> _The data_:
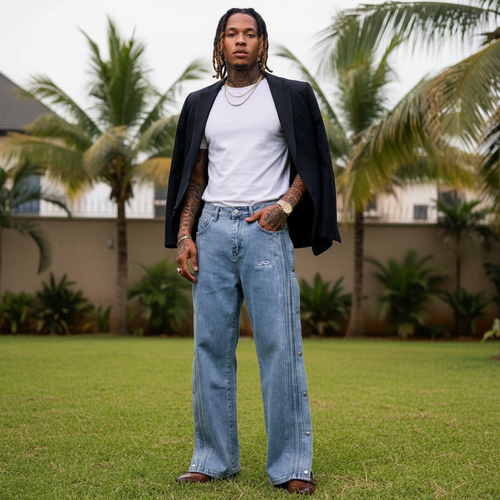 Nigerian male model wearing light blue baggy wide-leg pintuck seam side snap button denim jeans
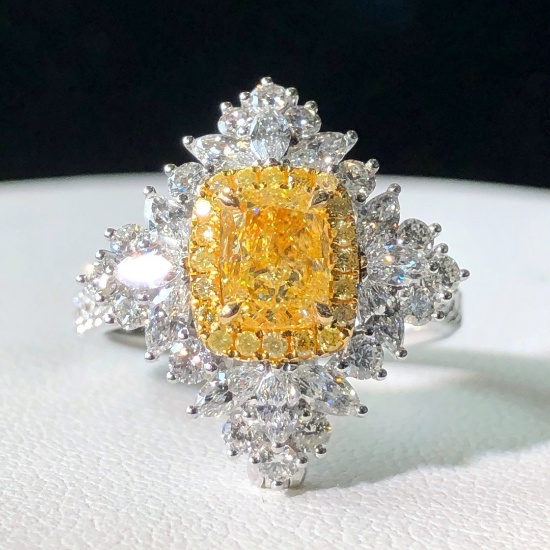 14k Gold 2.24 Ctw Natural Yellow Diamond & Diamond Ring/pendant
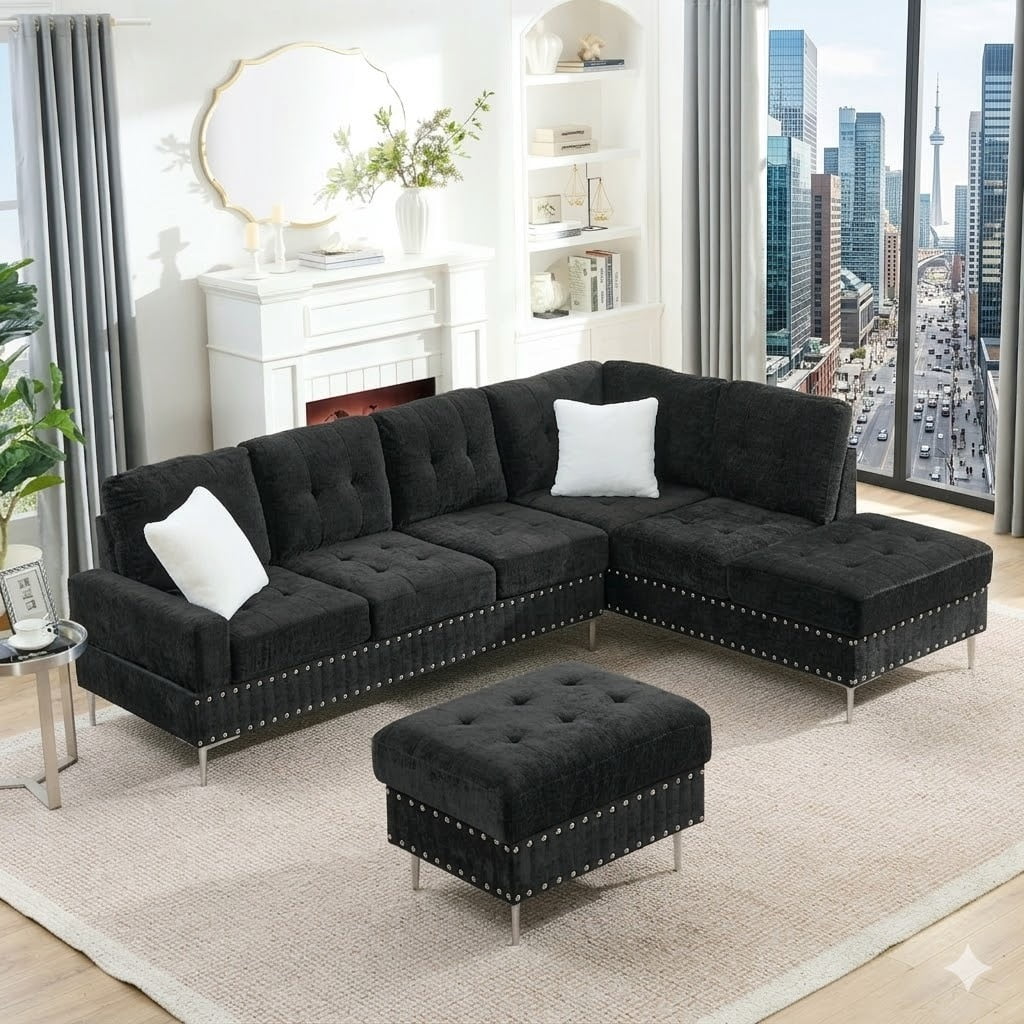Howcool 102'' Sectional Couches for Living Room, Modular 4-Seater Couch Sofa with Reversible Chaise & Cup Holders, L-Shaped Corner Sectional Sofa with Storage Ottoman for Apartment Office,Black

> _What to work on_: Pictures aside, give the data again exactly as it appears.

> _Solution to this problem_:
 Nigerian male model wearing light blue baggy wide-leg pintuck seam side snap button denim jeans
 14k Gold 2.24 Ctw Natural Yellow Diamond & Diamond Ring/pendant
Howcool 102'' Sectional Couches for Living Room, Modular 4-Seater Couch Sofa with Reversible Chaise & Cup Holders, L-Shaped Corner Sectional Sofa with Storage Ottoman for Apartment Office,Black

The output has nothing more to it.